Genotype Sample Demultiplexing

DRAGEN implements several strategies for demultiplexing of data sets that represent mixtures of cells from different individuals, such as cells pooled in one library prep or microfluidic run. Two of these strategies include a genotype-based and genotype-free demultiplexing. In genotype demultiplexing methods, DRAGEN can assign sample identity to cells based on alleles observed in reads in each cell. DRAGEN only accounts for SNVs. DRAGEN flags any doublets, such as droplets that contain multiple cells from different individuals.

To use genotype-based sample demultiplexing, you must provide a VCF file with genotypes for each sample in the data set. To use genotype-free sample demultiplexing, you must provide a VCF file with a set of external samples preferably coming from a population with the same genetic background. The GT field represents the sample genotypes.

For information on the cell-hashing demultiplexing method, see Cell-Hashing

Command-Line Options

You can use the following command line options for scRNA demultiplexing.

Option	Description
--single-cell-demux-sample-vcf	If using genotype-based sample demultiplexing, specify the VCF file that contains the sample genotypes.
--single-cell-demux-reference-vcf	If using genotype-free sample demultiplexing, specify the VCF file that contains the genotypes of a population with a similar genetic background to the samples you are using.
single-cell-demux-detect-doublets	Enable the doublet detection in genotype-based sample demultiplexing. The default value is false.
--single-cell-demux-number-sample	The number of samples you are using. This option is only applicable when using an external VCF reference specified with the single-cell-demux-reference-vcf option.

The following is an example command line to run the DRAGEN Single Cell RNA Pipeline with genotype-based demultiplexing.

dragen --enable-rna=true --enable-single-cell-rna=true --umi-source=fastq --single-cell-barcode 0_15 --single-cell-umi 16_25 -r reference_genomes/Mus_musculus/mm10/DRAGEN/8 -a reference_genomes/Mus_musculus/mm10/gtf/gencode.vM23.annotation.gtf.gz -1 lib1_S7_L001_R2_001.fastq.gz --umi-fastq lib1_S7_L001_R1_001.fastq.gz --RGID=1 --RGSM=sample1 --output-dir=/staging/out --output-file-prefix=sample1 --single-cell-demux-detect-doublet=true --single-cell-demux-sample-vcf=sample.vcf

The following is an example command line to run the DRAGEN Single Cell RNA Pipeline with genotype-free demultiplexing.

Outputs

You can find information related to the output of genotype-based scRNA sample demultiplexing in the following three files.

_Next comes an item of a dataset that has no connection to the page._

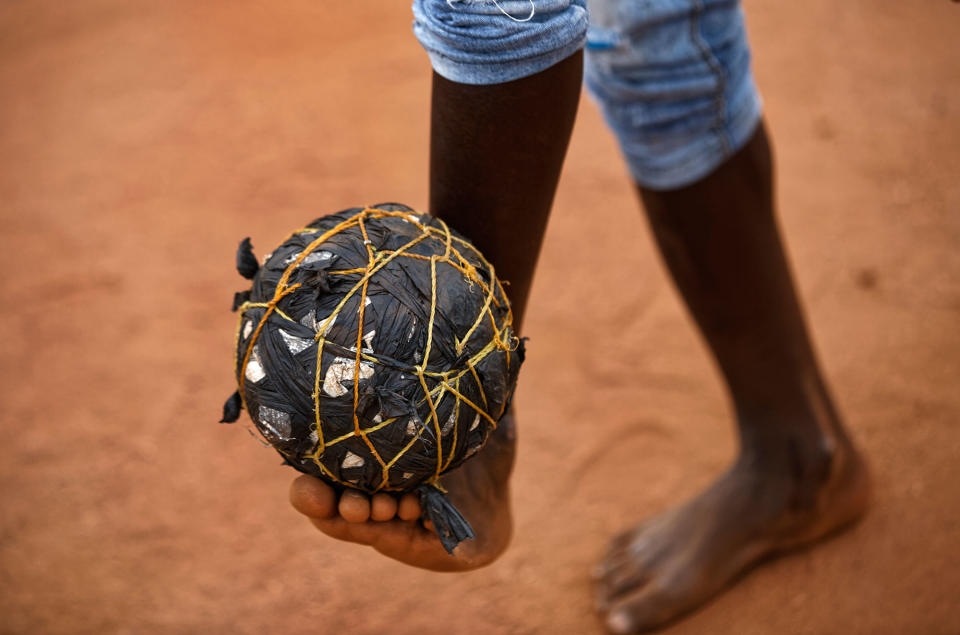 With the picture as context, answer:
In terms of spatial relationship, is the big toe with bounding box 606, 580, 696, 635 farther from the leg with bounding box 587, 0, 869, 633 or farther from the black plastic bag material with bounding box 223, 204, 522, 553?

The <prefix>.scRNA.barcodeSummary.tsv contains per-cell metrics, including cell barcodes. The following columns contain information on demultiplexing per-cell. See Single Cell RNA Outputs for more information on <prefix>.scRNA.barcodeSummary.tsv metrics.

Column

Description

SampleIdentity

The SampleIdentity column can contain the following values:

•

sampleX—The particular cell (barcode) is uniquely assigned to a sample.

•

AMB(sampleX,sampleY)—The algorithm cannot determine the sample to assign the barcode to.

•

MIX(mixing_coef*sampleX+(100-mixing_coef)*sampleY)—The cell barcode is classified as doublet. For example, MIX(50*sampleX+50*sampleY).

IdentityQscore

The IdentityQscore column contains the value used to estimate the confidence of the sample identity call. After DRAGEN determines the doublet status of the cell as singlet, ambiguous, or doublet, the identity Q-score is defined as -10 * log10(Probability that the assigned identity is correct, given the second most likely identity and the doublet status).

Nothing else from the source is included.